Na última sexta-feira, 29, enquanto centenas de professores adentravam no Hangar Centro de Convenções da Amazônia protestando contra o corte em seus cheques como represália à greve na educação, que já dura mais de dois meses, estudantes, artistas, produtores e cidadãos de modo geral, também ecoaram suas vozes em outras manifestações, ao lado do Bar do Parque, com o ato realizado pelo PROA, e no Solar da Beira, com a ocupação Solar das Artes.
Artistas, professores, produtores, cidadãos. A sexta-feira, 29 de maio, foi marcada pelo exercício de cidadania, com ações legítimas em defesa da educação e da cultura, dois setores que há muito vêm sofrendo cortes e carecendo de políticas públicas sérias que contemplem a sua importância para a construção de um país melhor.
Quem não participou, foi para o facebook para acompanhar as diversas imagens, fotos e postagens de apoio aos professores que adentraram no Hangar Centro de Convenções da Amazônia, onde era realizada a abertura da 19ª Feira Pan Amazônica do Livro.
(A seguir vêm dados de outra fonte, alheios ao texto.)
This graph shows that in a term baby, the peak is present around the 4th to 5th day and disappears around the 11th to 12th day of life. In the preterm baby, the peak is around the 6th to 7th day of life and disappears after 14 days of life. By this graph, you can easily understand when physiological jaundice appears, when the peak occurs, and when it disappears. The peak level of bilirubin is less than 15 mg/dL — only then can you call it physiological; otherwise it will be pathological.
Ficou claro que nem professores e nem estudantes admitem mais a situação a que chegou a educação neste país.
Enquanto isso, na calçada do Bar do Parque, conhecido reduto de convergência de ideias e diversidade cultural, situado ao lado do Theatro da Paz, outra manifestação, com revindicações tão legítimas quanto a dos professores, reunia mais de 1000 pessoas, que passaram, circularam e pararam para assinar e ouvir as falas do movimento PROA – Produtores e Artistas Associados.
O movimento vem sendo construído há meses, com reuniões semanais para estudos de leis públicas de apoio à cultura existente em outros estados brasileiros, que já aderiram ao Sistema Nacional de Cultura, principal ferramenta para a democratização e acesso à cultura, que vem sendo negada ao Pará. Nossos Sistemas de Cultura, tanto municipal quanto estadual, não estão implantados e se encontram com seus processos emperrados por falta de interesse dos respectivos governos.
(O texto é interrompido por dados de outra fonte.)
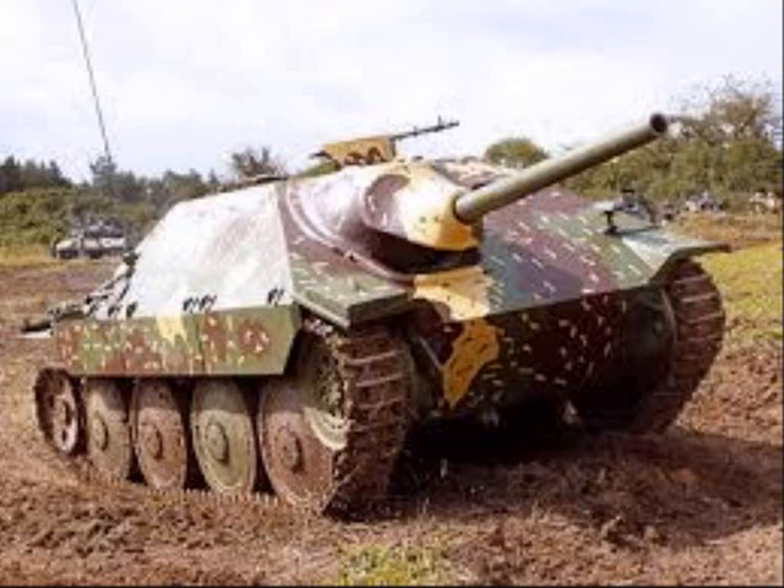According to some information, the German army also developed the armored personnel carrier concept of an all-around closed APC as well.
A programação cultural, que atraiu o público para o ato, teve, entre outros, a presença de Dona Onete, uma das maiores representantes da cultura do Estado, no país e atualmente no exterior, de Bruno B. O. representando a voz social de excluídos e Gang do Eletro, entre outros artistas que representam a classe artística na cadeia produtiva da música.
Nem só de música, porém, evoluiu o Ato do PROA, que recolhia também assinaturas em petições públicas em prol da implantação dos sistemas municipal e estadual de cultura e exibiu um vídeo em que artistas e produtores revindicam os diretos de todos à cultura em nosso estado. No mesmo dia em que foi postado, ganhou mais de 10 mil visualizações e hoje (31 de maio) já tem mais de 12 mil, e mais de 400 compartilhamentos.
A crise na cultura não é um problema isolado do Estado do Pará. Em nível nacional a Funarte vive talvez um dos piores momentos de sua história. Está com todos os processos emperrados. Há projetos aprovados, que vêm sendo realizados sem recursos recebidos, pra não atrasar suas agendas, e há outros que também já foram contemplados e não puderam iniciar.
O setor cultural passa por mau momento nas três esferas de governo. As leis de incentivo não funcionam, possuem inúmeras contradições e não encontram eco no empresariado, deixando produtores e artistas com cartas na mão.
Lúcio Flávio Pinto, em noite também de boas falas
Na noite de 29 de maio de 2015, que com certeza entrou para a nossa história, entre outros, foram ao microfone, a jornalista Úrsula Vidal, o geógrafo e músico Cincinato Marques, o produtor cultural Pedro Vianna e o sociólogo, jornalista e professor Lúcio Flávio Pinto. Ele chamou atenção para a situação do poder econômico do Pará não direcionado a investimentos públicos que poderiam ser feitos a partir do aproveitamento de nossas riquezas.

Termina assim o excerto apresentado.